*Work order*: Could each record be written out again exactly as it stands?

►

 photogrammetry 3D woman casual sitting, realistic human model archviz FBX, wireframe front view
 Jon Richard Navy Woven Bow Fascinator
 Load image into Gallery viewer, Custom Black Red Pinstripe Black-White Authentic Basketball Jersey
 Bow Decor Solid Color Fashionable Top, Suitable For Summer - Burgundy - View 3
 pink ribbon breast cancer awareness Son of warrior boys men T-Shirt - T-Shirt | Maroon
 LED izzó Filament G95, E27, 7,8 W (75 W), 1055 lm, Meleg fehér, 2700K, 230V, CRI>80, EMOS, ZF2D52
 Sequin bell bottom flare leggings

◄

*Solution for this exercise*:
 photogrammetry 3D woman casual sitting, realistic human model archviz FBX, wireframe front view
 Jon Richard Navy Woven Bow Fascinator
 Load image into Gallery viewer, Custom Black Red Pinstripe Black-White Authentic Basketball Jersey
 Bow Decor Solid Color Fashionable Top, Suitable For Summer - Burgundy - View 3
 pink ribbon breast cancer awareness Son of warrior boys men T-Shirt - T-Shirt | Maroon
 LED izzó Filament G95, E27, 7,8 W (75 W), 1055 lm, Meleg fehér, 2700K, 230V, CRI>80, EMOS, ZF2D52
 Sequin bell bottom flare leggings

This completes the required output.